• Problem details:
Everything from the opening line of the listing below to the line that has "2023 Porsche Cayenne Cayenne Coupe", inclusive, should be returned exactly, except the pictures.

"""

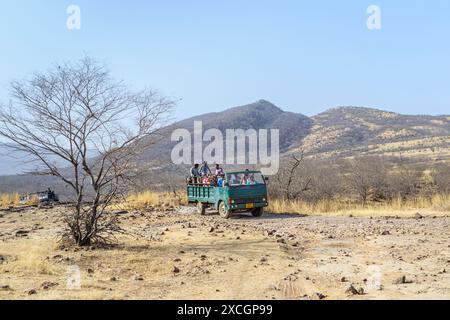 Ein überfülltes 20-Sitzer-Galopp-Safari-Fahrzeug voller Wildbeobachter im Ranthambore-Nationalpark, Rajasthan, Nordindien Stockfoto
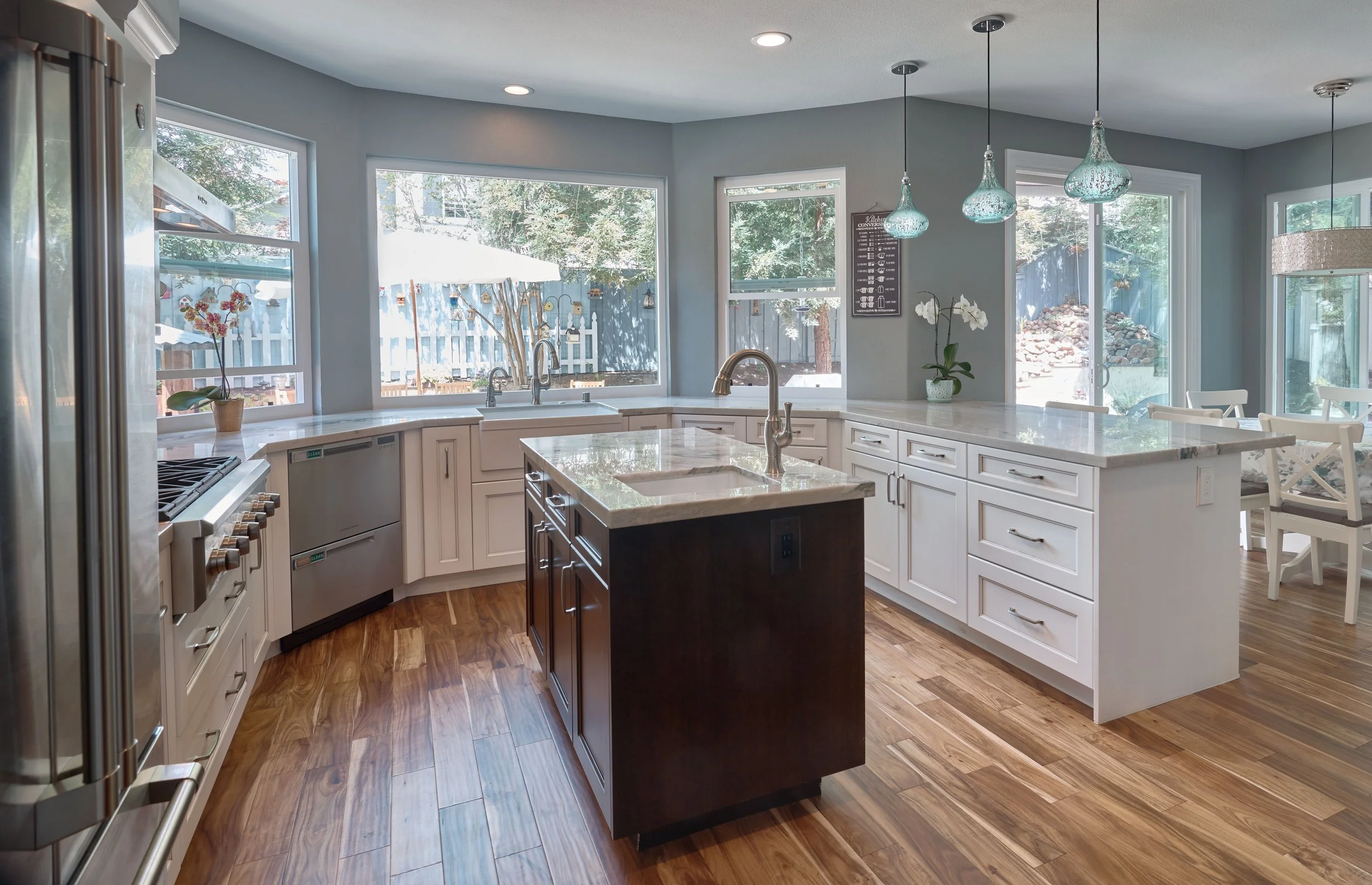 Chef's Kitchen Interior Design by Raashi Design in Livermore, CA (4).jpg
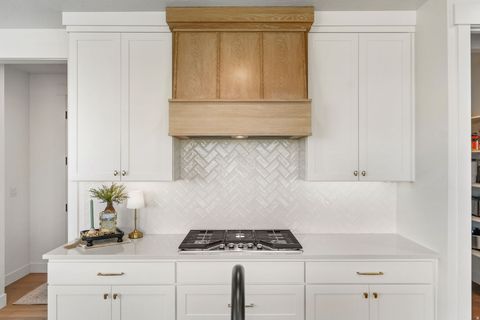 Tiny photo for 686 W EAGLECREST CIR, Elk Ridge, UT 84651 (MLS # 2150536)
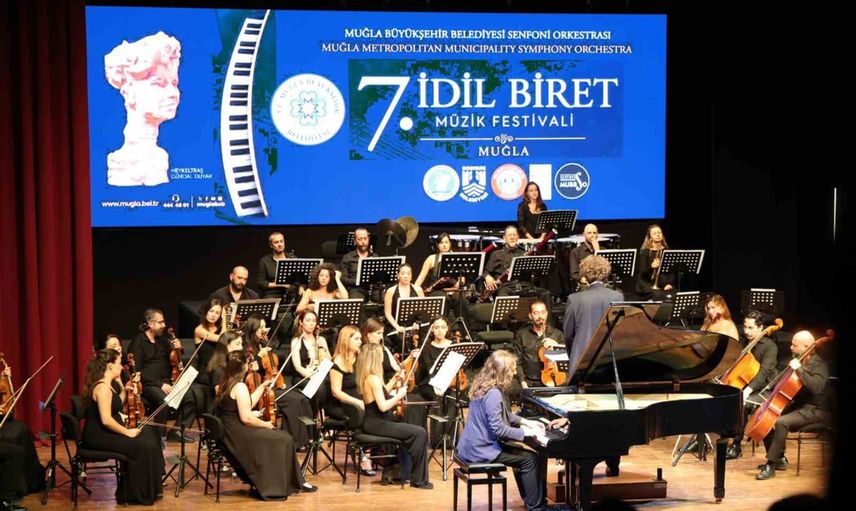 Muğla'da İdil Biret festivali genç yetenekleri ve ustaları aynı sahnede buluşturdu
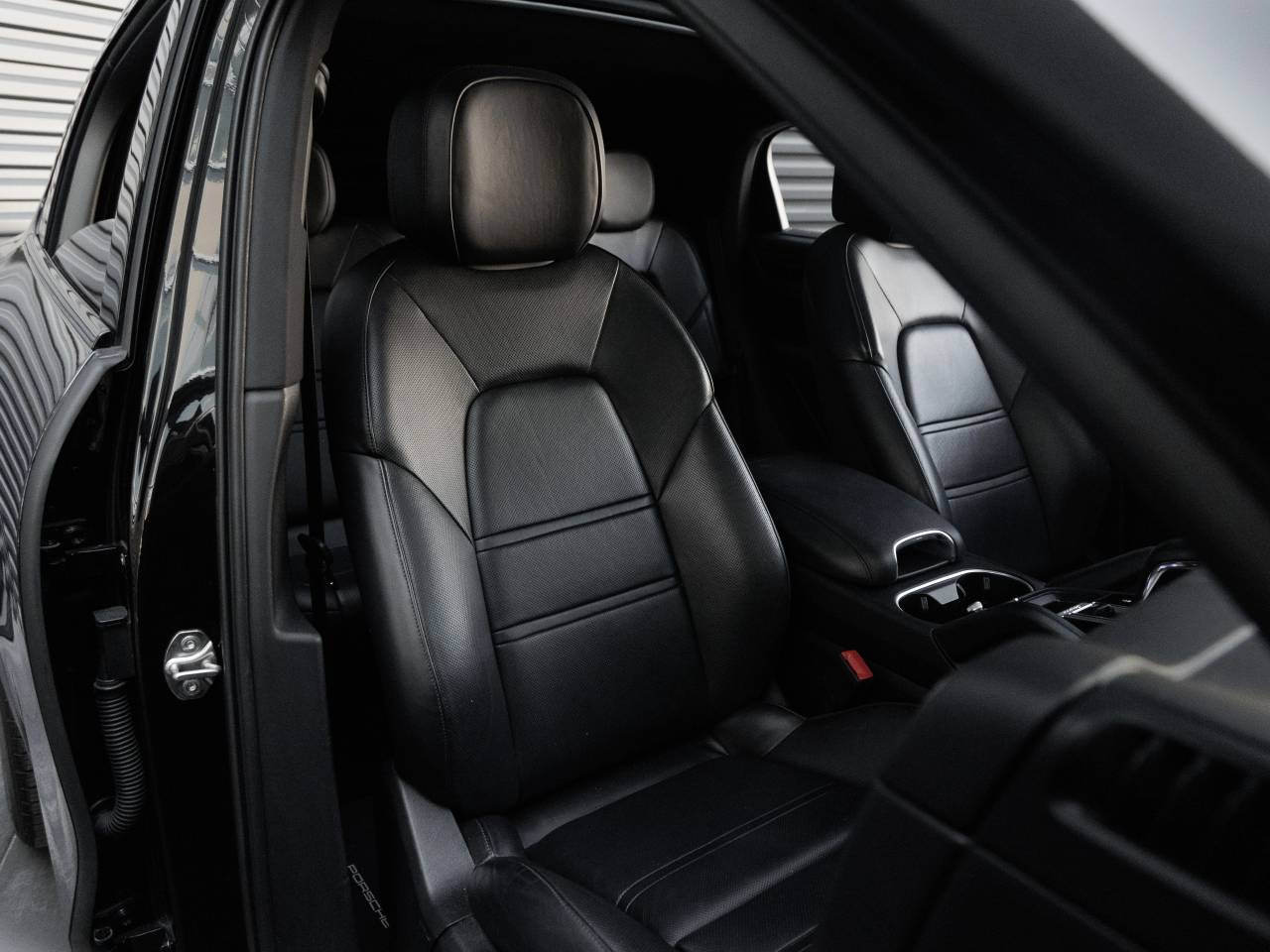 2023 Porsche Cayenne Cayenne Coupe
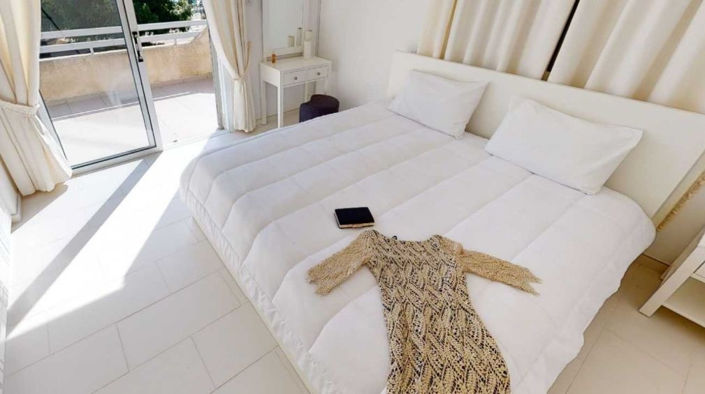 Image No.5-3 Bed House for sale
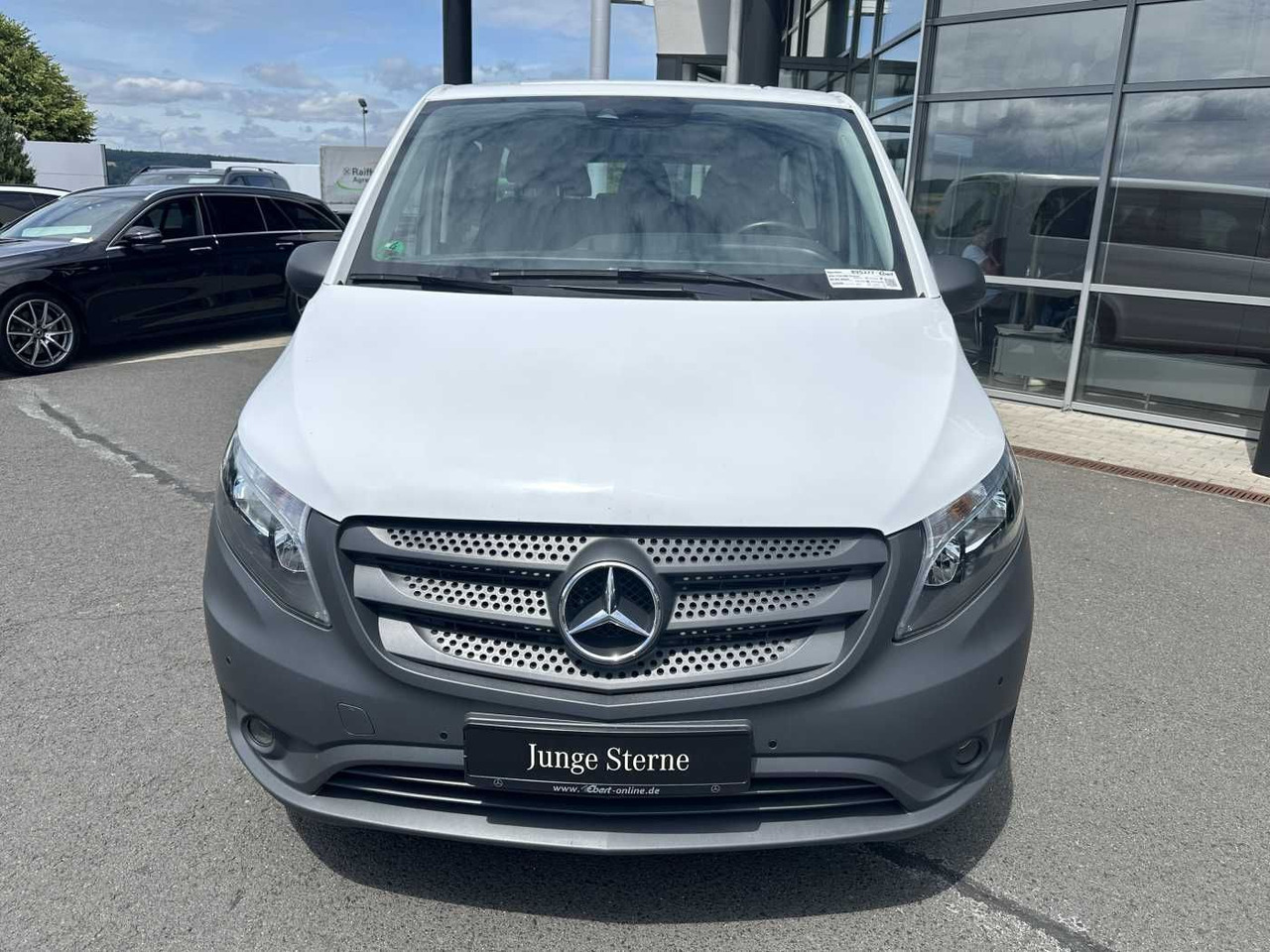 Mercedes-Benz Vito 114 CDI Tourer 9G Klima Audio40 Extralang - Пътнически бус: снимка 2 Mercedes-Benz Vito 114 CDI Tourer 9G Klima Audio40 Extralang - Пътнически бус: снимка 2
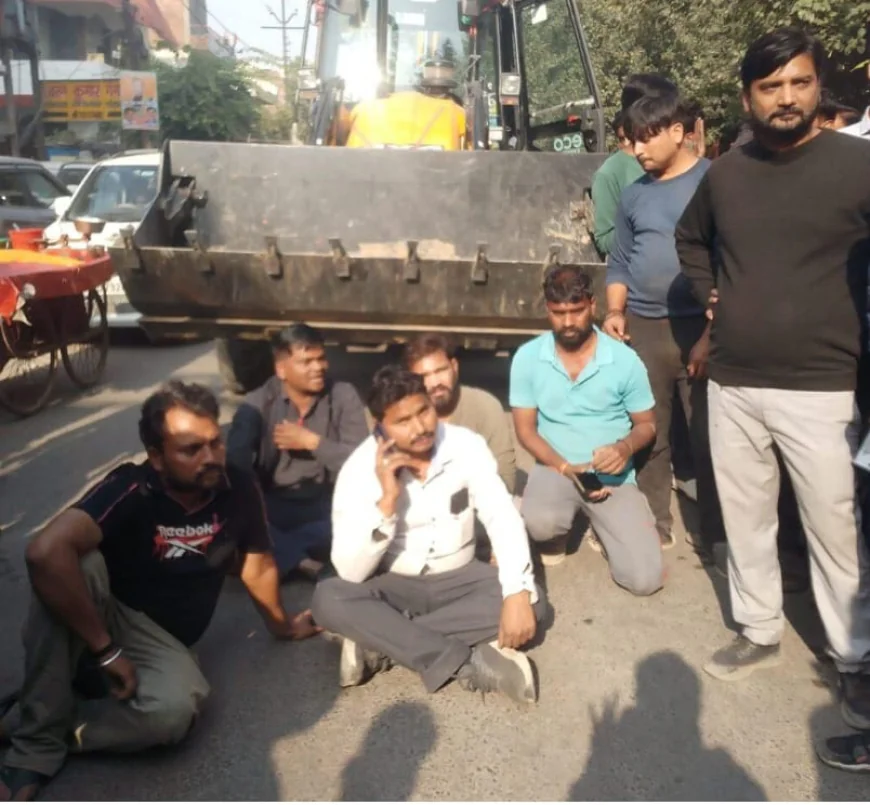 शासन के दबाव में प्रशासन नतमस्तक वर्तमान विधायक अमृतपुर सुशील शाक्य के मकान पर नहीं चली जेसीबी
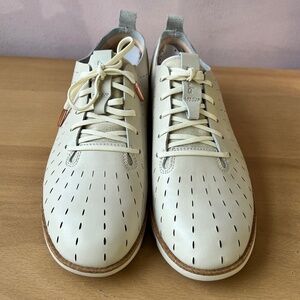 CLARKS WOMENS IVORY OFF WHITE COLOR TRI ETCH LACE UP SHOES BRAND NEW NEVER WORN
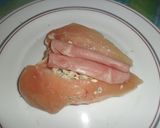 Foto del paso 2 de la receta: Pechuga de pollo rellena de jamón york y queso roquefort
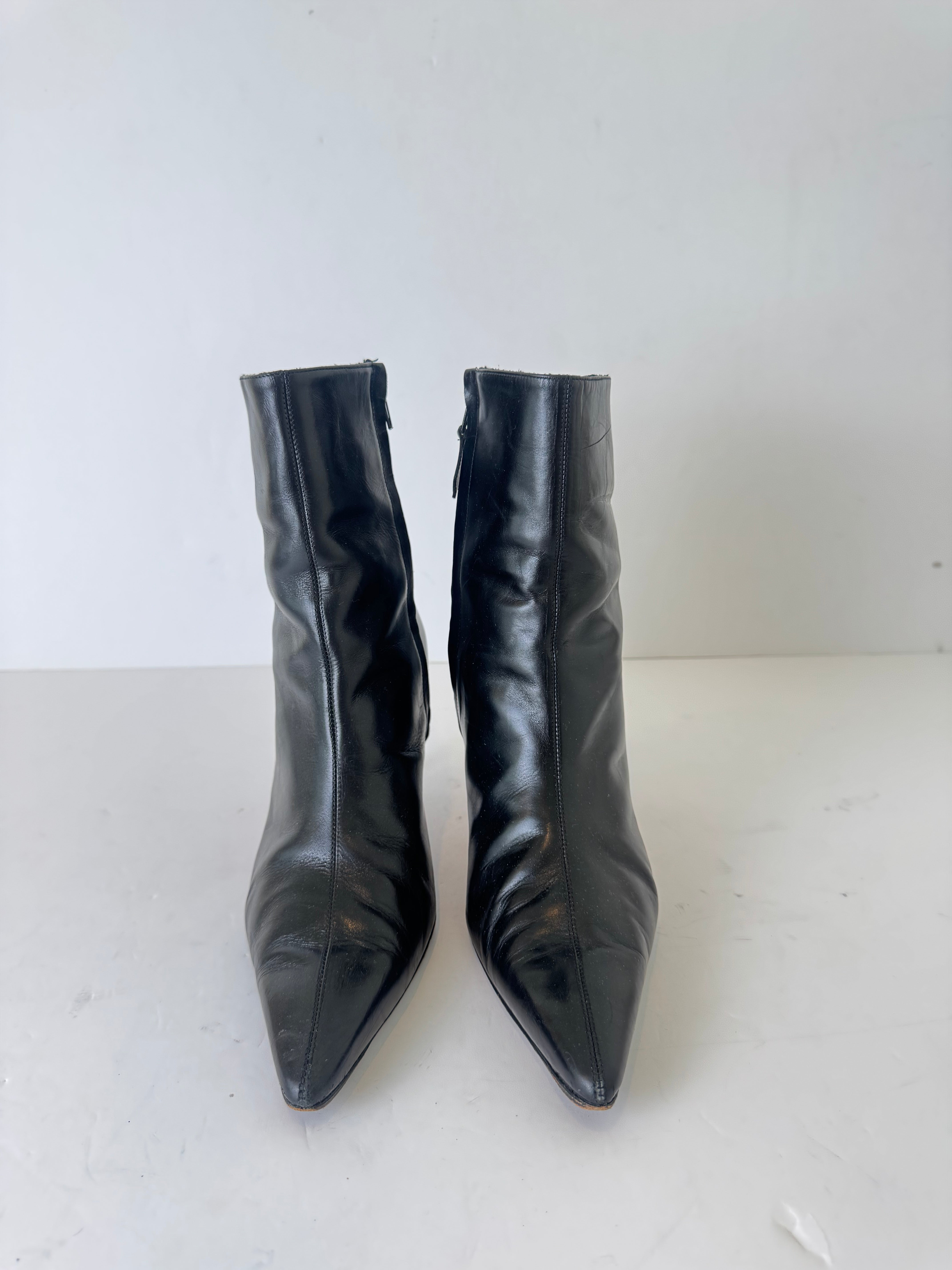 Manolo Blahnik Black Leather Booties 40.5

"""

• Answer to this problem:
 Ein überfülltes 20-Sitzer-Galopp-Safari-Fahrzeug voller Wildbeobachter im Ranthambore-Nationalpark, Rajasthan, Nordindien Stockfoto
 Chef's Kitchen Interior Design by Raashi Design in Livermore, CA (4).jpg
 Tiny photo for 686 W EAGLECREST CIR, Elk Ridge, UT 84651 (MLS # 2150536)
 Muğla'da İdil Biret festivali genç yetenekleri ve ustaları aynı sahnede buluşturdu
 2023 Porsche Cayenne Cayenne Coupe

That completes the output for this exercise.